Players pay $8 to $10 per table for 30 minutes, with half-priced rates for seniors, veterans and students. The club is looking into family programs, including summer camps and senior socials.
The ITTF reached a milestone earlier this month as the sports federation with the most -- 222 -- affiliated countries, overtaking the International Volleyball Federation’s 220. The sport is growing in Asia, Europe and Africa, said the ITTF’s Pound.
It’s also surging in the U.S. The National Collegiate Table Tennis Association has ballooned to more than 200 institutions from 18 in 1999, said Willy Leparulo, its president.
“Most of the growth was within the last five-six years,” he said. “We are moving out of the basement.”
Part of the resurgence may be due to celebrity ping-pong advocates like Sarandon, Leparulo said. Crossword puzzle creator Will Shortz frequently talks about his passion for the sport on National Public Radio. Billionaires Warren Buffett and Bill Gates are also fans, and together faced off against Olympian Ariel Hsing in 2012 and 2013.
“This gives us a huge boost,” Leparulo said. “Then you have all these bars that have opened up. Everyone wants to get together and socialize, and billiards, bowling, they are a little bit older.”
Berlin-style ping-pong parties -- where multiple players circle a table and take turns hitting a ball -- are the rage in San Francisco.
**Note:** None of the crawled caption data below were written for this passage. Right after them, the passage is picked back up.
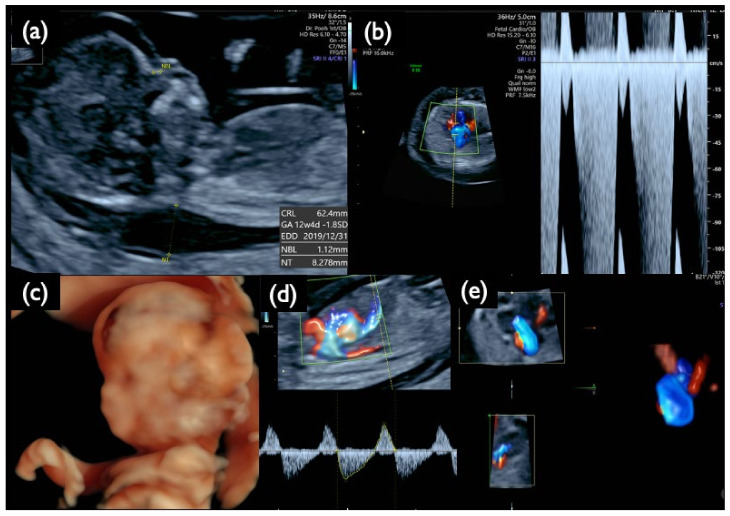 Figure 12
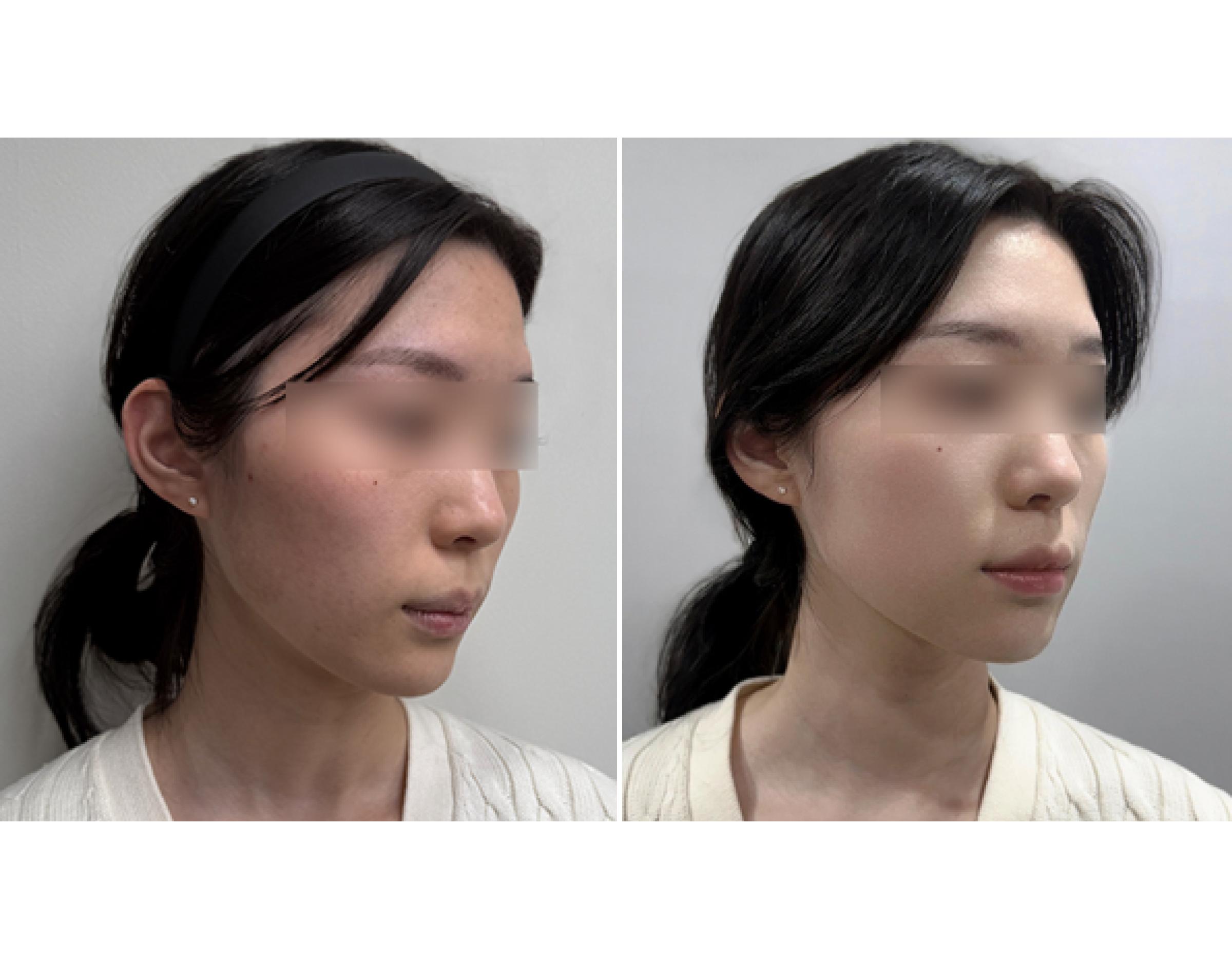 side-by-side before-and-after photos of a woman's left profile and neck with hair tied back and face blurred, wearing a light sweater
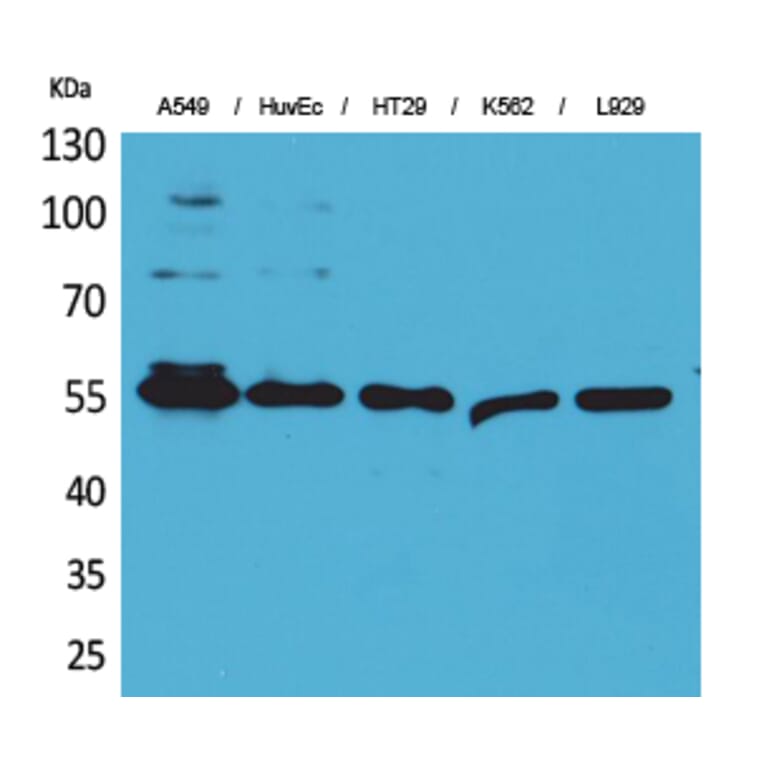 Western blot - Fascin 1 Polyclonal Antibody from Signalway Antibody (41620) - Antibodies.com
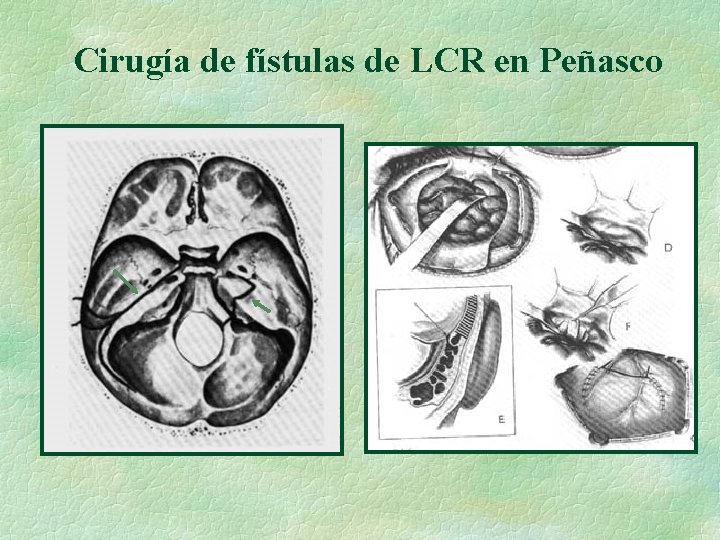 Cirugía de fístulas de LCR en Peñasco 
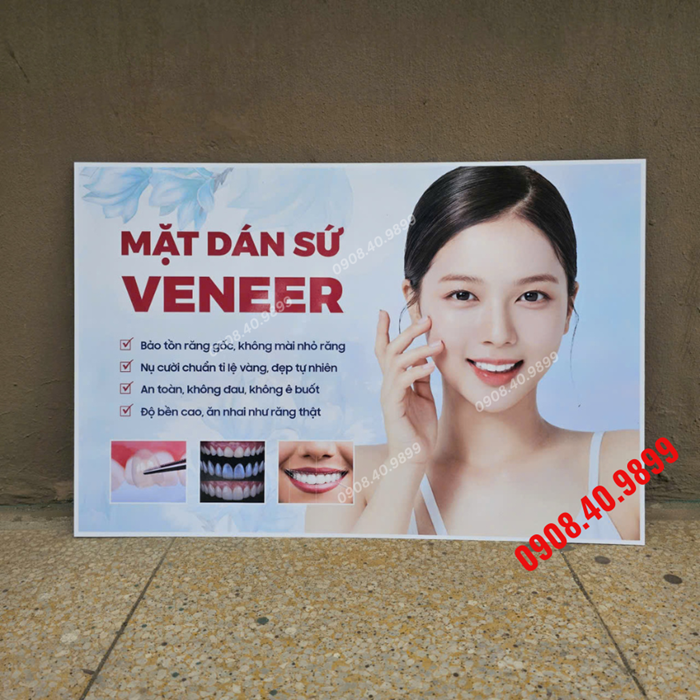 Tranh Mặt dán sứ Veneer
Playing is free at Washington’s Comet Ping Pong, where the pizza is made with sustainably farmed ingredients. Comet was featured on an episode of the Food Network.
Some credit the rise of ping pong to technology burnout. You can’t text or check your e-mail when you’re playing.
“Ping pong is about connecting people,” said Shawn Topp, the Toronto-based chief marketing officer of the SPiN clubs. “You are doing something in the real world, you put your phone down.”
SPiN is working with architect David Rockwell, known for designing Imagination Playground in New York and the restaurant Nobu Dubai, to redesign its New York location. The new look might feature graffiti-inspired art from local artists and vintage-inspired furniture, Topp said.
“Our inspiration is this underground, basement feeling but in an upscale way,” Topp said. “It’s still going to feel clean while touching on the nostalgia of the basement.”